I don’t know about studies and statistics, but yes, there are definitely optimizations taking this into account that compilers actually do. And yes, they are very important (tldr loop vectorization for example).

Besides the compiler optimizations, there is another aspect to be taken into account. With UB you get C/C++ signed integers to behave arithmetically as you would expect mathematically. For instance x + 10 > x holds true now (for valid code of course), but would not on a wrap-around behavior.

I’ve found an excellent article How undefined signed overflow enables optimizations in GCC from Krister Walfridsson’s blog listing some optimizations that take signed overflow UB into account. The following examples are from it. I am adding c++ and assembly examples to them.

If the optimizations look too simple, uninteresting or unimpactful, remember that these optimization are just steps in a much much larger chain of optimizations. And the butterfly effect does happen as a seemingly unimportant optimization at an earlier step can trigger a much more impactful optimization at a later step.

If the examples look nonsensical (who would write x * 10 > 0) keep in mind that you can very easily get to this kind of examples in C and C++ with constants, macros, templates. Besides the compiler can get to this kind of examples when applying transformations and optimizations in its IR.

Signed integer expression simplification

• Eliminate multiplication in comparison with 0

  (x * c) cmp 0   ->   x cmp 0 
  

  bool foo(int x) { return x * 10 > 0 }
  

  foo(int):
          test    edi, edi
          setg    al
          ret
  

• Eliminate division after multiplication

  (x * c1) / c2 -> x * (c1 / c2) if c1 is divisible by c2

  int foo(int x) { return (x * 20) / 10; }
  

  foo(int):
          lea     eax, [rdi+rdi]
          ret
  

• Eliminate negation

  (-x) / (-y) -> x / y

  int foo(int x, int y) { return (-x) / (-y); }
  

  foo(int, int):
          mov     eax, edi
          cdq
          idiv    esi
          ret
  

• Simplify comparisons that are always true or false

  x + c < x       ->   false
  x + c <= x      ->   false
  x + c > x       ->   true
  x + c >= x      ->   true
  

  bool foo(int x) { return x + 10 >= x; }
  

  foo(int):
          mov     eax, 1
          ret
  

• Eliminate negation in comparisons

  (-x) cmp (-y)   ->   y cmp x
  

  bool foo(int x, int y) { return -x < -y; }
  

  foo(int, int):
          cmp     edi, esi
          setg    al
          ret
  

• Reduce magnitude of constants

  x + c > y       ->   x + (c - 1) >= y
  x + c <= y      ->   x + (c - 1) < y
  

  bool foo(int x, int y) { return x + 10 <= y; }
  

  foo(int, int):
          add     edi, 9
          cmp     edi, esi
          setl    al
          ret
  

• Eliminate constants in comparisons

  (x + c1) cmp c2         ->   x cmp (c2 - c1)
  (x + c1) cmp (y + c2)   ->   x cmp (y + (c2 - c1)) if c1 <= c2
  

  The second transformation is only valid if c1 <= c2, as it would
  otherwise introduce an overflow when y has the value INT_MIN.

  bool foo(int x) { return x + 42 <= 11; }
  

  foo(int):
          cmp     edi, -30
          setl    al
          ret
  

Pointer arithmetic and type promotion

If an operation does not overflow, then we will get the same result if
we do the operation in a wider type.
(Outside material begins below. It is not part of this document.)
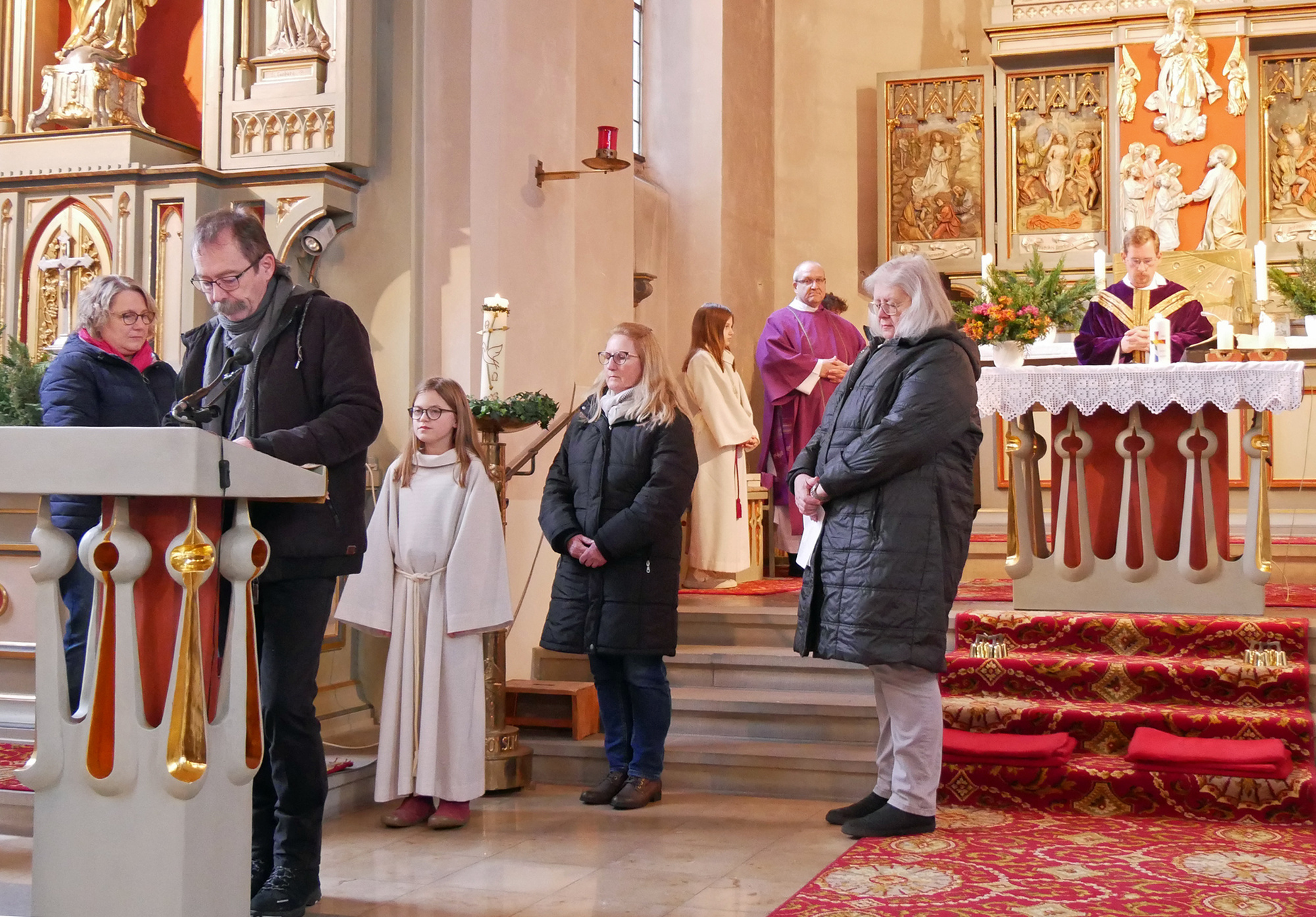 Mehrere Personen stehen am Ambo in der Opferbaumer Kirche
This is often useful when doing
things like array indexing on 64-bit architectures — the index
calculations are typically done using 32-bit int, but the pointers are
64-bit, and the compiler may generate more efficient code when signed
overflow is undefined by promoting the 32-bit integers to 64-bit
operations instead of generating type extensions.

One other aspect of this is that undefined overflow ensures that a[i]
and a[i+1] are adjacent. This improves analysis of memory accesses for
vectorization etc.

This is a very important optimization as loop vectorization one of the most efficient and effective optimization algorithms.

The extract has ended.